Maintenir l'ordre sur le long terme
Au bout de dix jours de tri intensif et de réorganisation, ma pharmacie était enfin fonctionnelle. Mais le plus dur reste de garder cette habitude. Pour éviter que le désordre ne revienne, j'ai instauré une règle simple : chaque fois que j'achète une nouvelle boîte, je vérifie ce qui reste dans mon bac. Cela semble évident, mais c’est ce qui évite d’avoir trois tubes de pommade cicatrisante ouverts en même temps.
J'ai aussi affiché à l'intérieur de mon placard le numéro d'urgence européen, le 112. On pense toujours qu'on s'en souviendra, mais en cas de panique, le cerveau peut nous jouer des tours. Avoir ce numéro sous les yeux, à côté de mon thermomètre bien rangé, m'apporte une tranquillité d'esprit que je n'avais pas dans mon ancien appartement. C'est aussi ça, retrouver de la sérénité chez soi.
Si vous sentez que d'autres zones de votre maison ont besoin de ce même souffle de fraîcheur, n'hésitez pas à consulter mes bonnes habitudes pour garder une maison rangée sur le long terme. Parfois, il suffit d'un petit déclic pour transformer une corvée en un moment de soin pour soi et son foyer.
Petit appartement, grande organisation
Aujourd'hui, alors que l'été touche à sa fin, je regarde mon petit placard de salle de bain avec fierté. Il n'est pas vide — loin de là — mais il est cohérent. Ce processus m'a appris que le désencombrement n'est pas une destination, mais un voyage avec des hauts et des bas. J'ai eu des semaines où je n'ai rien fait, et d'autres où j'ai trié jusqu'à minuit.

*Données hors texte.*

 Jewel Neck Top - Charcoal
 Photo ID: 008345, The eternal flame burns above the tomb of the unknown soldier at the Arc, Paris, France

Si vous vivez dans un petit espace, ne vous mettez pas la pression pour devenir minimaliste du jour au lendemain. Commencez par un tiroir, par un sac, par votre pharmacie. Le sentiment de contrôle que l'on récupère sur son environnement immédiat est le meilleur remède contre l'anxiété du quotidien. Et si vous avez besoin d'un guide pas à pas pour ne pas vous perdre en route, le défi 30 jours pour désencombrer reste ma recommandation numéro un pour transformer votre intérieur, une petite victoire à la fois.
Le prochain chantier ? Probablement mes chaussures qui commencent à envahir l'entrée... mais ça, c'est une autre histoire pour un prochain carnet de bord nantais.